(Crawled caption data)
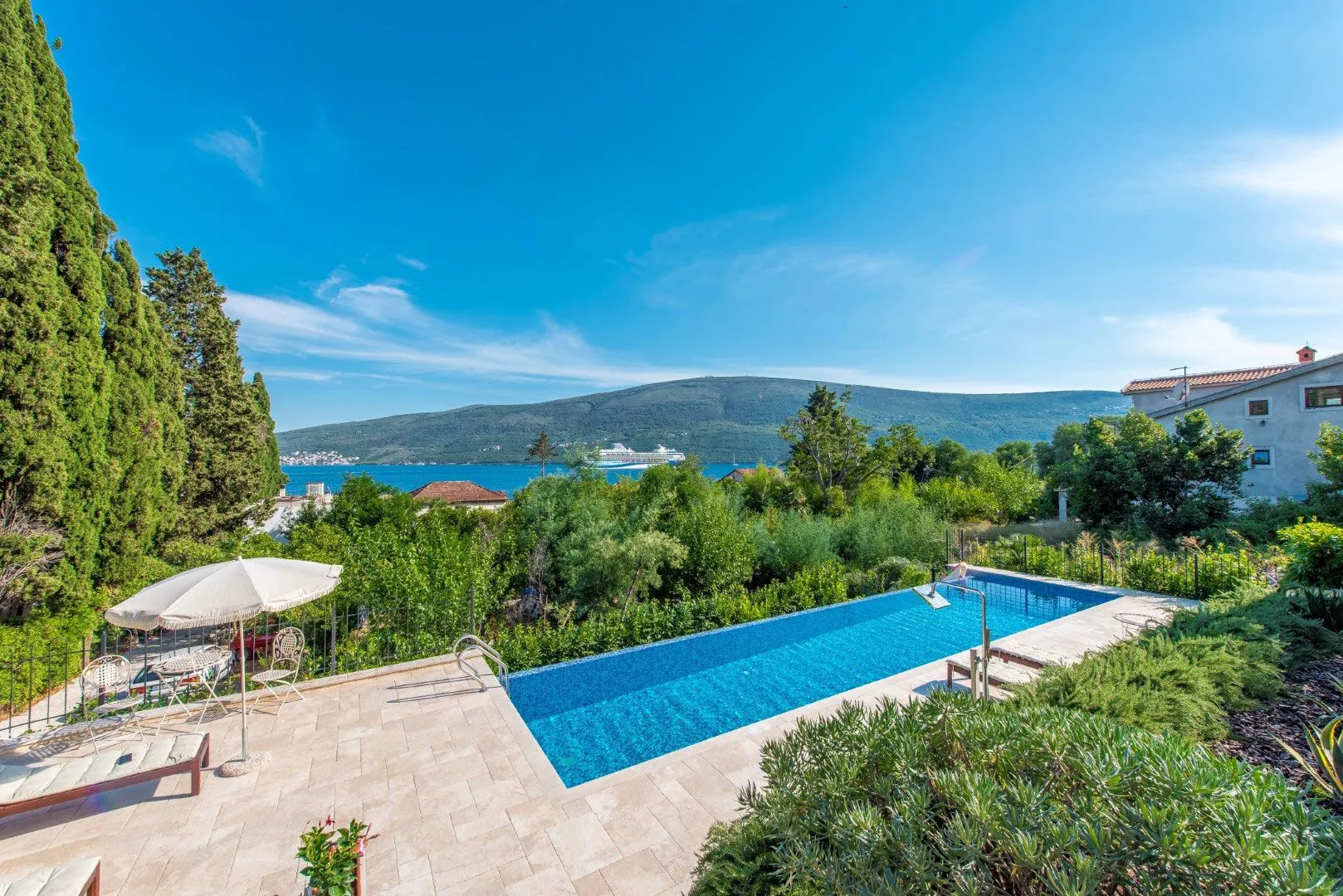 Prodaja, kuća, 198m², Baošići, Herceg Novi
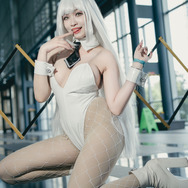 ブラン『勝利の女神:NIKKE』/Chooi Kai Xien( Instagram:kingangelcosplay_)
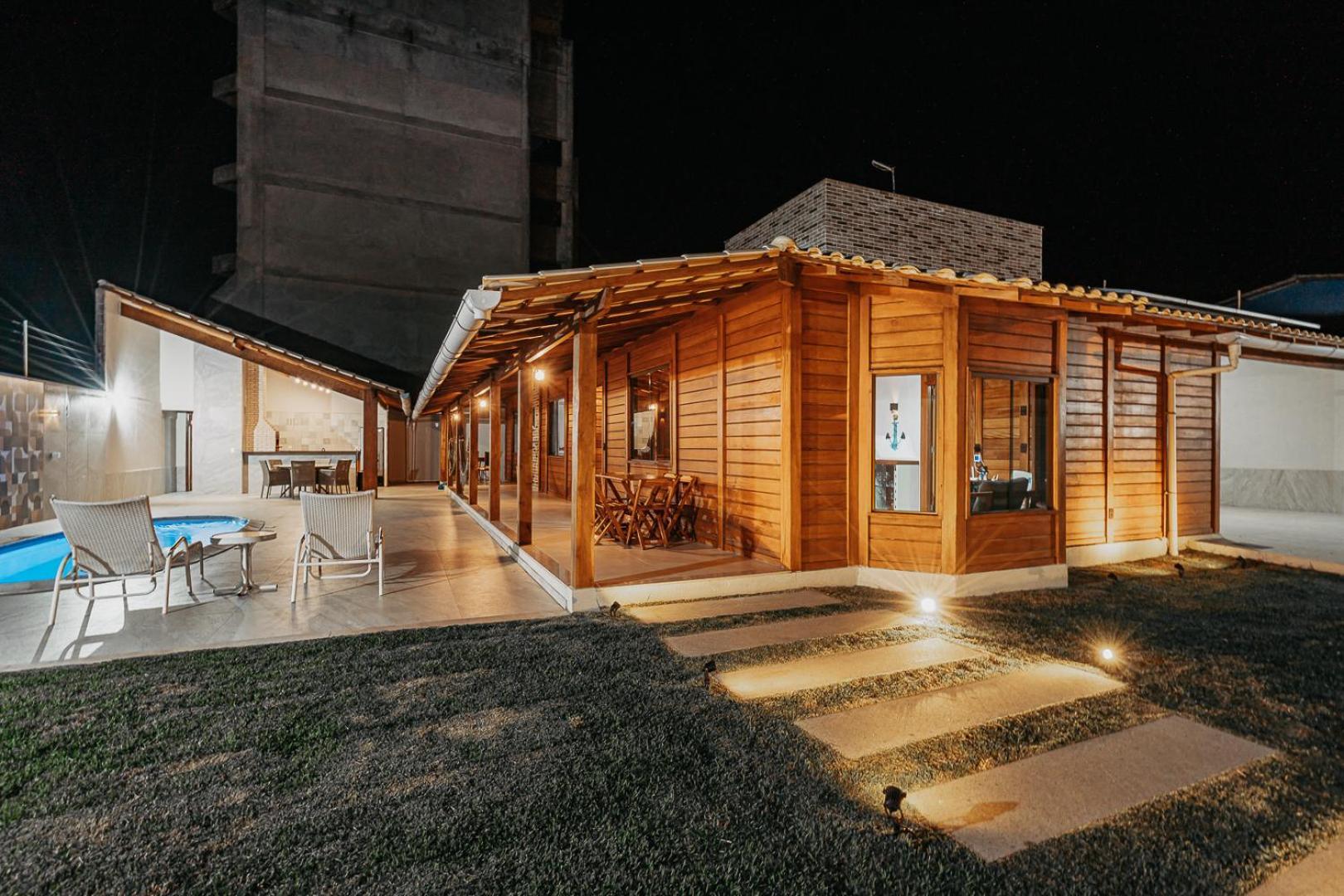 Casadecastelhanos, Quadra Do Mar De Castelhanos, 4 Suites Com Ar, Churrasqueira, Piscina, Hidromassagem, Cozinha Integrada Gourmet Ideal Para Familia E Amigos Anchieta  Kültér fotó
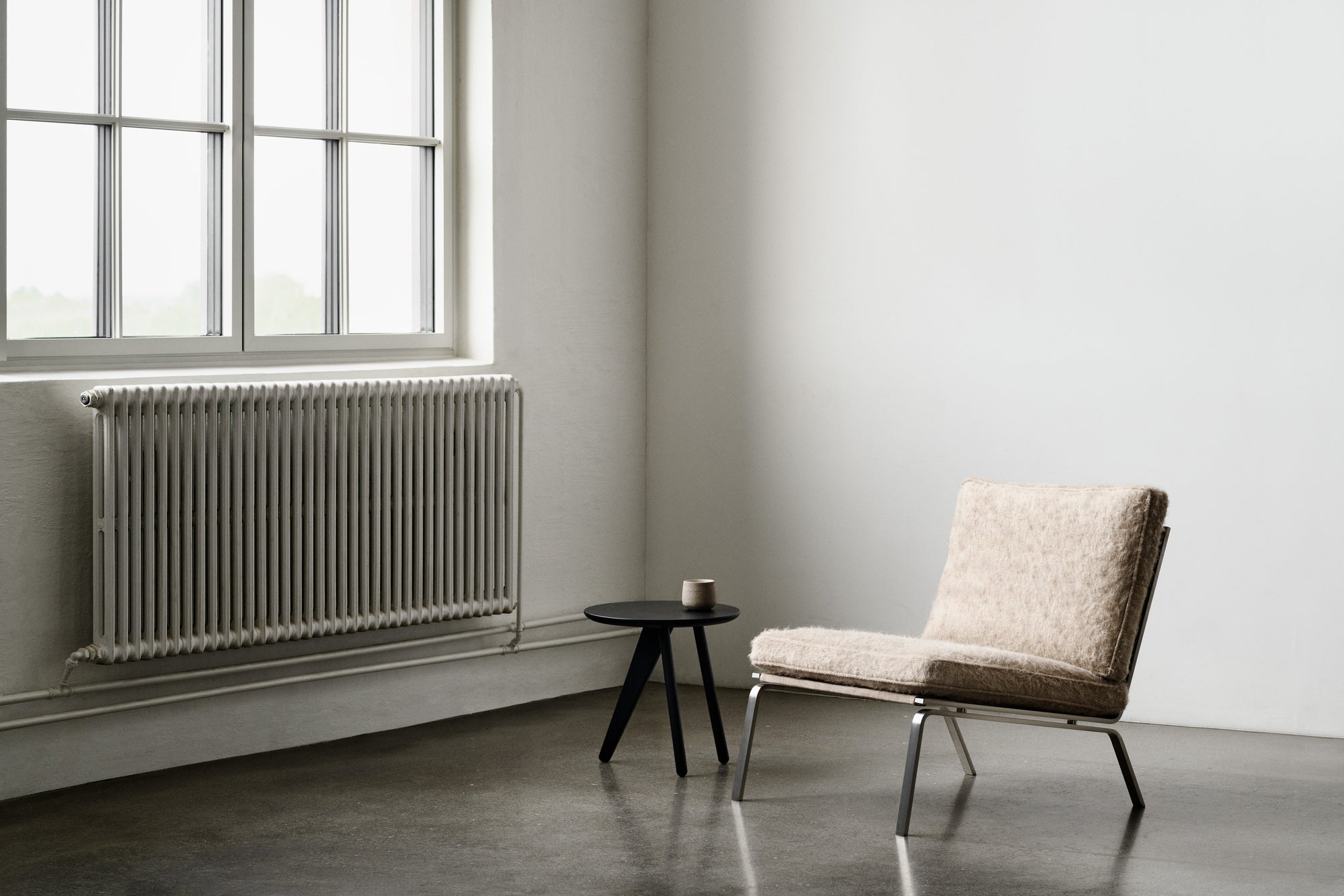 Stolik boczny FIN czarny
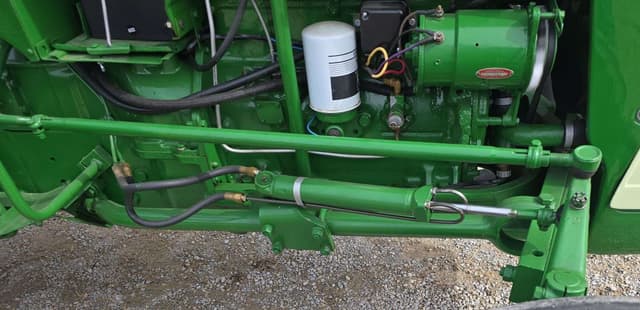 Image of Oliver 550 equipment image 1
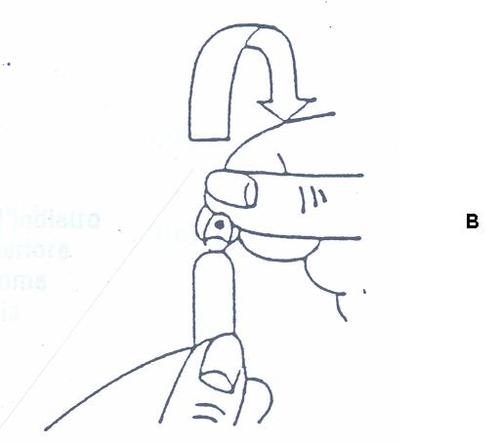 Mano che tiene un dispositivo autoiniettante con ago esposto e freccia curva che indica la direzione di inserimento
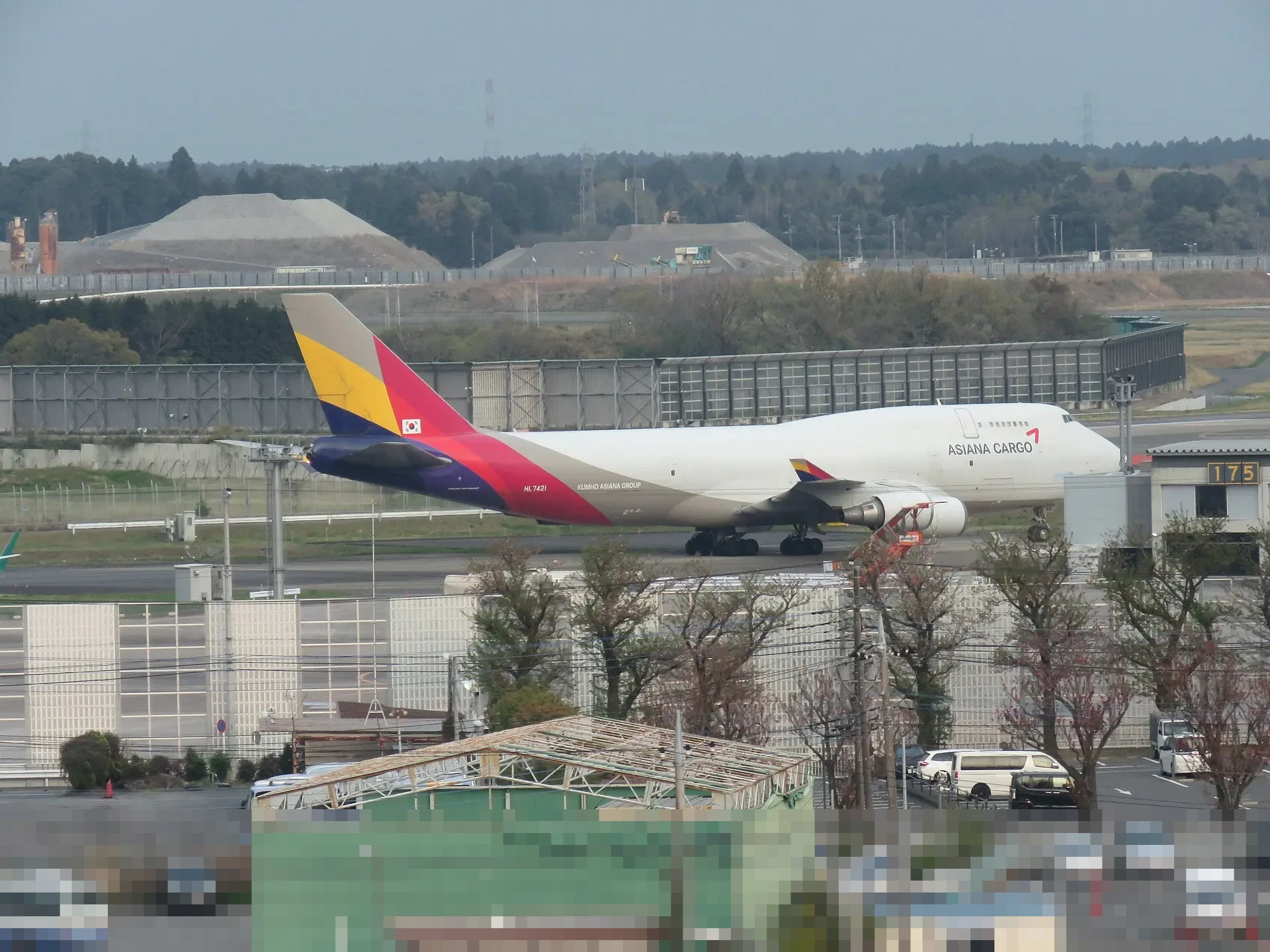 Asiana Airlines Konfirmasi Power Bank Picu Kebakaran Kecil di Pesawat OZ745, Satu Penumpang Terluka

→ EXERCISE DETAILS
No pictures should appear in the answer, which is to be the lines from the line with "Mano che tiene" through the end of the records above, restated exactly.

→ SOLUTION TO THE PROBLEM
 Mano che tiene un dispositivo autoiniettante con ago esposto e freccia curva che indica la direzione di inserimento
 Asiana Airlines Konfirmasi Power Bank Picu Kebakaran Kecil di Pesawat OZ745, Satu Penumpang Terluka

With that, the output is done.